Yes, it was my birthday on Tuesday! On Monday, hurrah, our garden was finally finished. Wednesday, went up to London with some WI chums to see the Andy Warhol textiles exhibition at the Fashion and Textile Museum. Friday, to Heathfield to meet old friend Alison for lunch… and so it rolls on. Busy, busy novel writing too. Am determined to get it done by the autumn.
Doesn’t the new garden look good? We are very pleased – and relieved. The side of the house mess has been going on for 3 months… Feels like a lifetime. I’ll put a photo at the end of this post showing planting progres so far…
Birthday? Does Battleaxe like this getting older malarky? No, not much. Had planned to go to a WI picnic and take a few bottles of prosecco but it was cancelled due to the weather. So had a goodly few women round here in the afternoon. In the evening Philosopher and I went for a meal at the Red Lion in Brede. Very good. My big present this year is a steam engine driving experience, down in Swanage in the autumn. Watch this space!
Of course, it is my daughter Clara’s birthday on the same day as mine – she was born at 12.10am on 8 August! I sent her a photo of her as a ballerina, aged 7. 40 years ago! It’s an old photo – resolution not so good.
So, London. For a change, it was a sunny day. 9 of us went – on the train. Ooh what larks! Have been to the Fashion and Textile Museum many times before, and really like it. See this post. I never really knew Warhol was such a prolific textile designer in his early years as a commercial artist – from the early 50s through to the mid-sixties. Of course, many of the textiles were shown made up into beautiful 50s and 60s clothes. Here are a few pictures.
Later, all the women except me went to a Royal College of Needlework embroidery workshop. Now, ask yourselves, would Battleaxe do embroidery? Eeer, no. Am happy to join in with them doing other crafty things but that is a bridge too far. Brings back such horrid memories of needlework lessons at boarding school – clutching a grubby sweaty bit of sample stitchery, with wodges of blotting paper in my shoes in the hope that it would make me faint. It never did.
So I bunked off from the museum into the sunny afternoon. Visited one of those Mary Portas tarted up charity shops – all too expensive and size 10, then wandered into a glass workshop and exhibition. Peter Layton. The exhibition was ‘Making Waves.’ His glass pieces are incredibly expensive, like many thousands, and some are lovely. I particularly liked these vases with waves coming out of the top.
The glass-blowing workshop was just so astonishingly hot. I don’t know how they work in there. Peter himself was not around, but I chatted to another glass-blower, Louis Thompson, who I had never heard of but is also a distinguiished glass-blower and designer. Told him about the work I am doing with Andy McConnell etc.

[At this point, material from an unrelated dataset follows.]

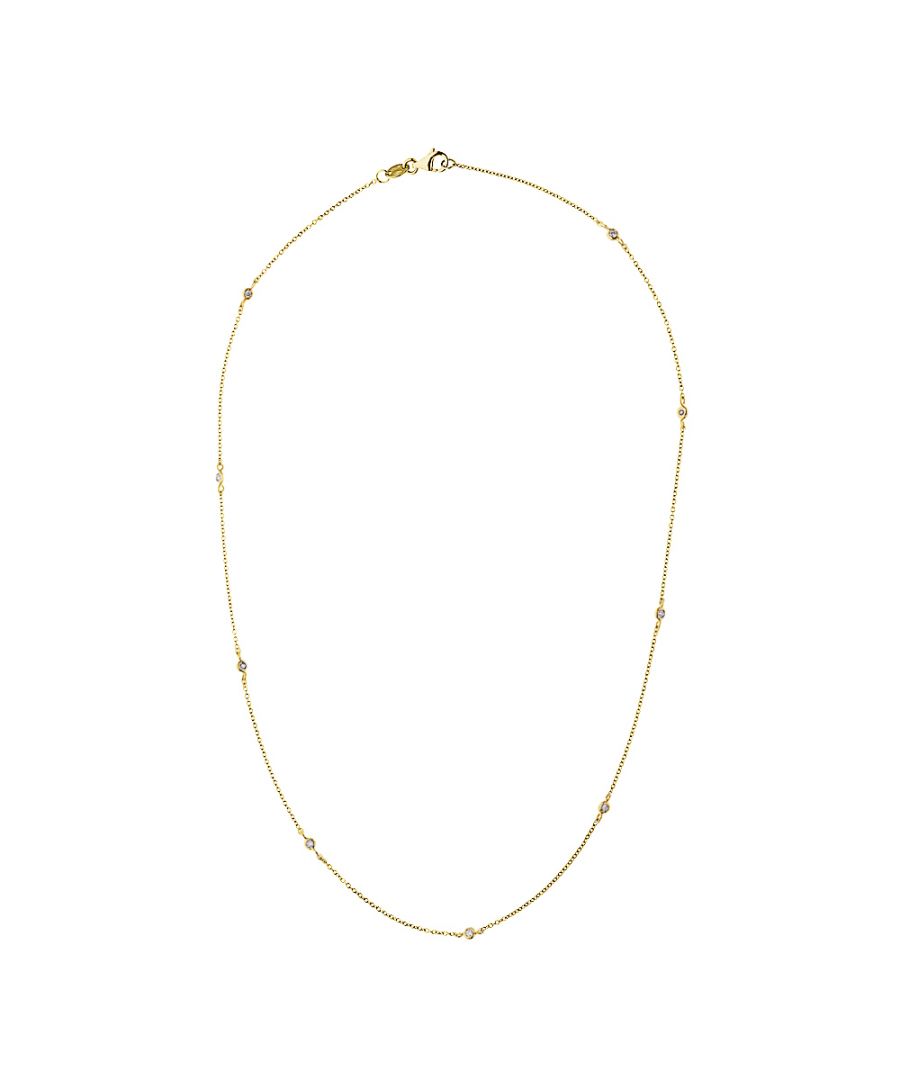 Necklace Tiffany's - 9 Diamonds 0,10 Cts - Gold 750 ( 18 Carats ) - Length 42 cm, 16,53 in - Our jewellery is made in France and will be delivered in a gift box accompanied by a Certificate of Authenticity and International Warranty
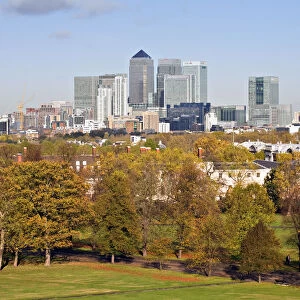 England, London, Greenwich, Royal Greenwich Park and Canary Wharf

Went back to the museum and found them all still earnestly bent over their embriodery rings! One trouble I have with making things is what do you do with them then… give them to people? They’d have to be good. Sell them? They’d have to be even better.
So, here is the latest progress in the garden. Many plants/shrubs are in huge pots and tubs where the men left them in April after starting the first bit of work. It takes a lot of logistic planning to move them without knackering ourselves. Some are irrecoverable.